The phrase "fight-flight-freeze" has become part of the mainstream vocabulary when talking about Post Traumatic Stress Disorder (PTSD) or psychological trauma. Magazine articles, books, podcasts, and webinars have explored the "fight-flight" part so exhaustively for the past 5-10 years that most people now understand that concept pretty well: we know that fight-or-flight is a reaction of our body (the autonomic branch of the nervous system actually) to encountering the fear of danger our primitive ancestors felt.
Fight-or-flight is immediate and aims to protect us, but it most often acts in extreme ways, out of proportion to the real level of danger.
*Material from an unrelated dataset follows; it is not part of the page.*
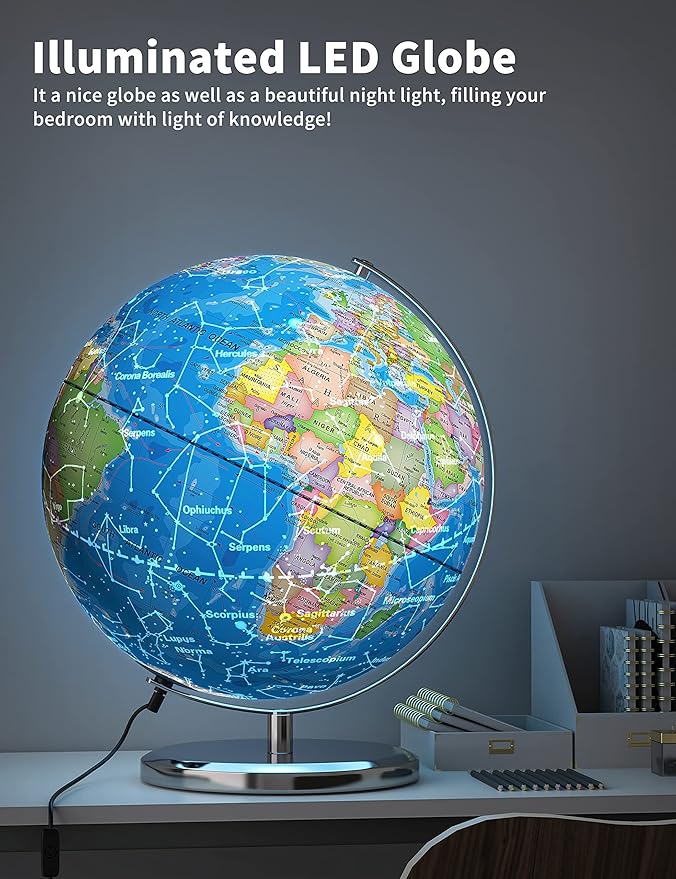 Illuminated World Globe with Stand, 13" Earth Globes with Stable Heavy Metal Base for Kids Classroom Learning, LED Constellation Globe Night Light with HD Printed Map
The term has been used to explain traumatization so much that many people may think they are the same; trauma indeed could be a consequence of the activation of this fight-or-flight mechanism when it fails to protect “the prey,” but if you experience fight-flight, it doesn’t mean you are necessarily traumatized. It means that your fear response got activated to protect you.
The "freeze" (sometimes called “freeze-faint”) part was added later to expand on the survival model that explains the development of PTSD, and encompasses everything else that happens while at risk. This is actually the part of the survival mechanism that plays a bigger role in traumatization and therefore, it’s worth understanding it better to know when, why and how this occurs.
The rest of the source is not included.